Reckless disregard requires instead sufficient evidence "that the defendant in fact entertained serious doubts as to the truth of his publication" and thus "that the defendant actually had a 'high degree of awareness of ... probable falsity.'" "[A] deliberate decision not to acquire knowledge of facts that might confirm the probable falsity of [the] charges" might suffice, but mere careless "failure to investigate" will not."
"Careful not to check if ChatGPT's output is accurate" center-mass meets the 'deliberate decision not to acquire knowledge of facts that might confirm the probable falsity of [the] charges.'
"Wilson's never had or pardoned" seems to imply that he could, in the future, have or pardon a brother-in-law with that name. I think the possibility is remote but perhaps you know something I do not?
In fairness to Ana, she's a complete dumbass so this really shouldn't be held against her.
Nobody tops Sunny reading the legal statements...repeatedly on the same show for different shit she said.
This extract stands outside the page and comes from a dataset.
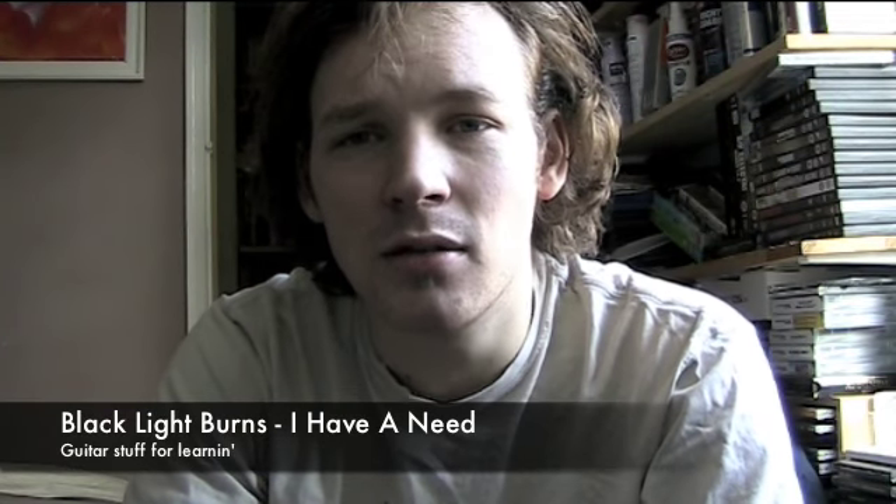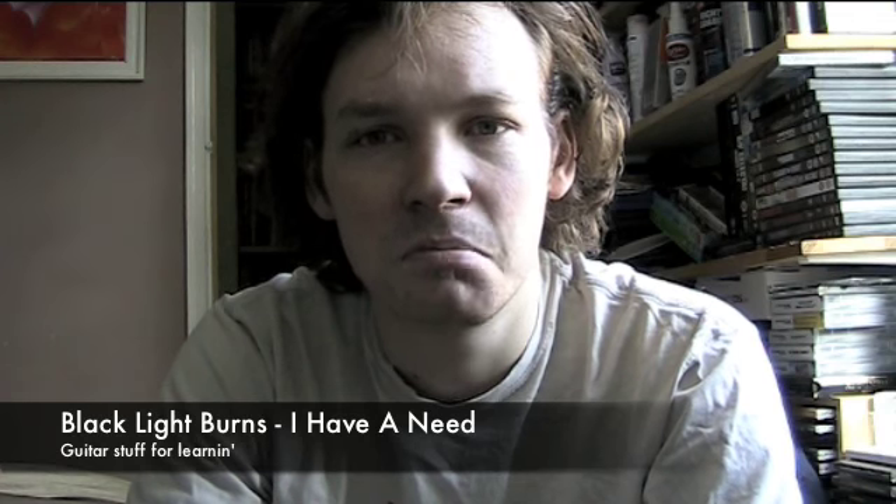Hello. Why do I always start with hello? I don't know, I just do.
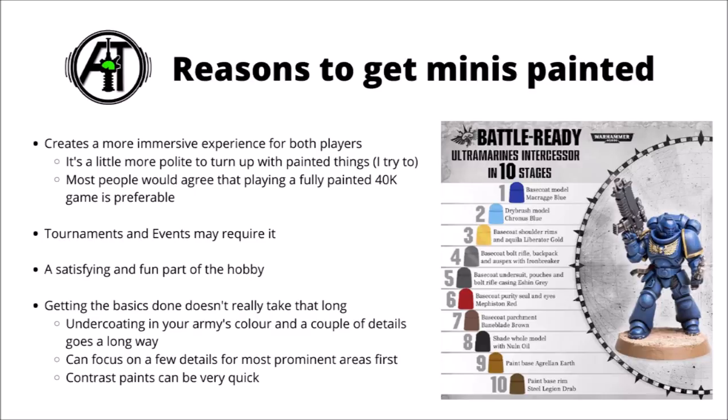Undercoating the miniatures in your army's colour is really quick, and then even if you just picked out a few details on the most prominent areas — say the tops of tanks or the pauldrons of space marines, or painting the weapons a different colour to the main body — then you've gone a really long way to making them look good at a distance. Even a really basic paint scheme can look quite good on the tabletop when your troops are ranked up, even if they don't bear much scrutiny if you actually pick up and examine any given model. Contrast paints can be another very quick solution depending on the army, and they're particularly good for anything with a lot of organic detail or cloth. I quite like to get a few base colours down on my units, use them in-game, and then gradually add in all the fine detail at a later date.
It was hilarious.
I've always wondered, who the hell watches this show?
"[W]omen make up nearly three-quarters (73%) of the regular audience for daytime talk shows, such as The View or the Ellen DeGeneres Show." (source)
"Take it up with ChatGPT" is her only comment, really? I can at least understand using ChatGPT for a quick look, have there been other presidential pardons of relatives. But surely before making a public claim about it, a journalist would follow that up with a quick bit of research to find out a little bit of when and why it happened just to verify. Blindly posting something from ChatGPT and then blaming the program for errors is just ridiculous.